>>108766473
update from >>108724666
rebar script guy here, i had some random crashes, turn out amdgpu would put the r9700 into power saving mode, which would cause the vram to be dumped into ram, but there wasn't enough ram, so the OOM killer would kill systemd for some reason and the kernel would panic.
using modeprobe amdgpu runpm=0 fixed the issue, basicaly disabled power managment.
here is the updated script for anyone that have a bios that doesn't support ReBar.
#!/bin/bash
# use with kernel options "pci=realloc=off" and "pci=nocrs"
echo "0000:03:00.0" | sudo tee /sys/bus/pci/drivers/amdgpu/unbind
echo "0000:06:00.0" | sudo tee /sys/bus/pci/drivers/amdgpu/unbind
sleep 1
# sudo modprobe -r amdgpu
sudo rmmod amdgpu
# multiples of 2, 15 = 32GB, 16 = 64GB etc.

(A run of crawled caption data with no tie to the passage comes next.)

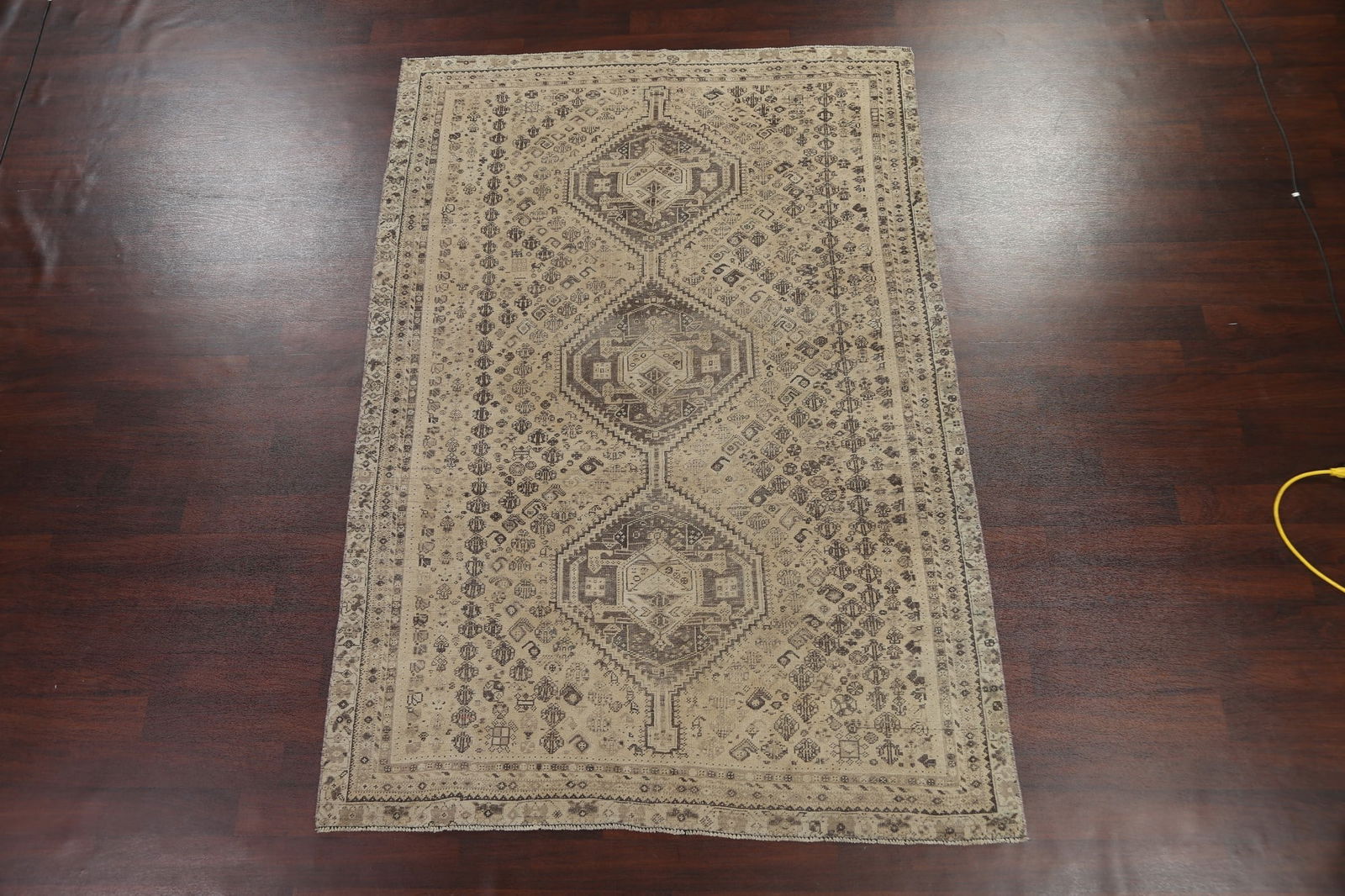 Antique Shiraz Persian Wool Rug 6x9 - 2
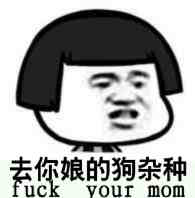 去你娘的狗杂种 fuck your mom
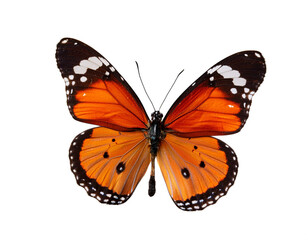 Obraz premium Schmetterling, isoliert auf weißen Hintergrund, Freisteller,Transparent 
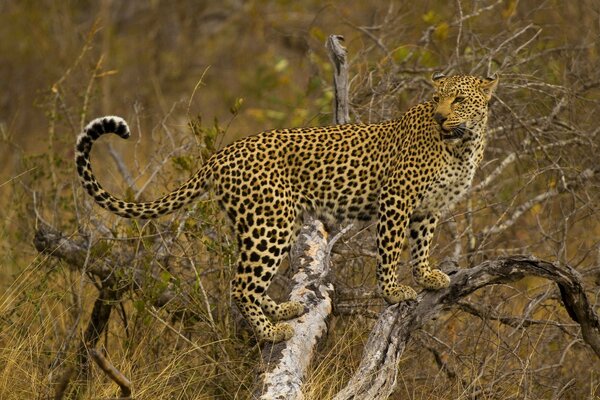 Leopardo nella savana africana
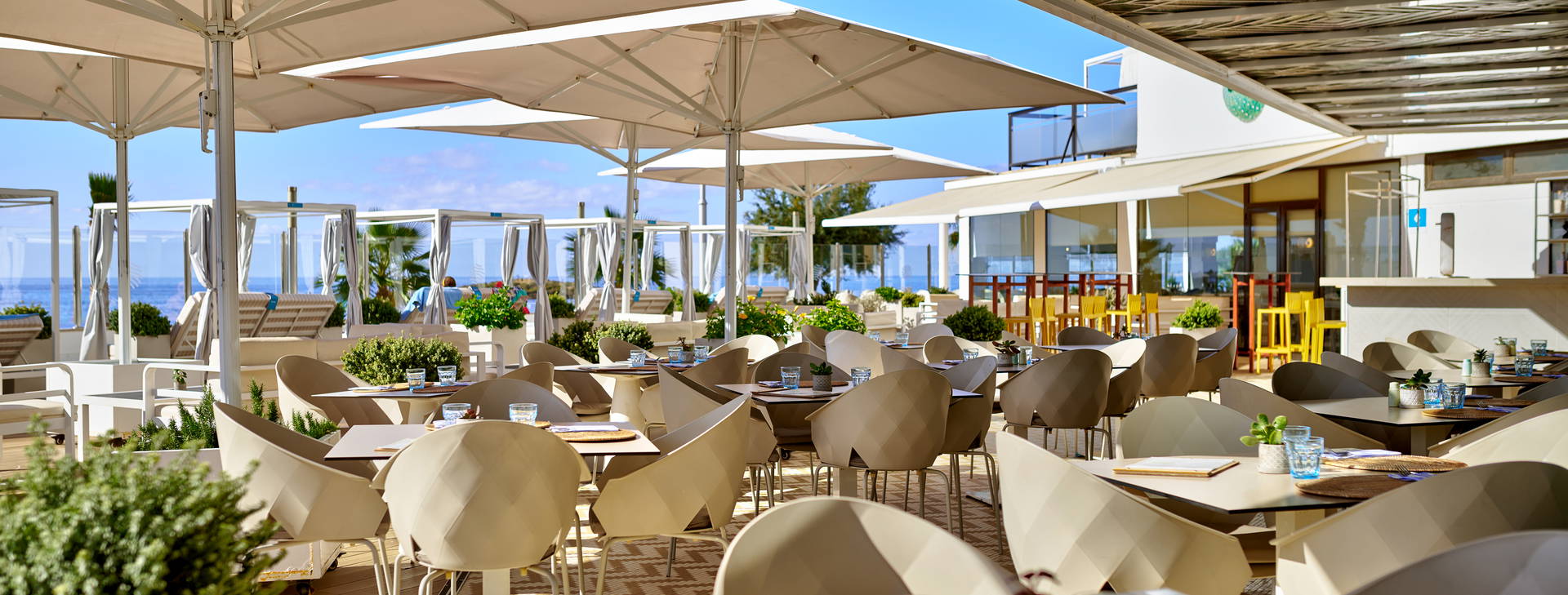 AluaSoul Palma Obrázek33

echo 15 | sudo tee /sys/bus/pci/devices/0000:03:00.0/resource0_resize
echo 15 | sudo tee /sys/bus/pci/devices/0000:06:00.0/resource0_resize
# echo "0000:03:00.0" | sudo tee /sys/bus/pci/drivers/amdgpu/bind
# echo "0000:06:00.0" | sudo tee /sys/bus/pci/drivers/amdgpu/bind
sleep 2
sudo modprobe amdgpu runpm=0
# sudo modprobe amdgpu ras_enable=0
sleep 2
# some performance tunning here
echo high | sudo tee /sys/class/drm/card0/device/power_dpm_force_performance_level
echo high | sudo tee /sys/class/drm/card1/device/power_dpm_force_performance_level
sleep 1
echo "rebar done, here's the BAR"
for i in "03:00.0" "06:00.0"; do lspci -s $i -vvv | grep -A3 "Region 0"; echo;done
of course modify the pcie id with those of your card, maybe i could automate it in the future using rocm smi.
anyway, since disabling power managment, things have been rolling smoothly without any crashes, it just works.
as this is still kind of a hack, you may need to restart the amdgpu driver / relaunch the script if you try to use vulkan after rocm though, but i just use rocm for moe as it's much faster, i don't go through them back and forth anyway.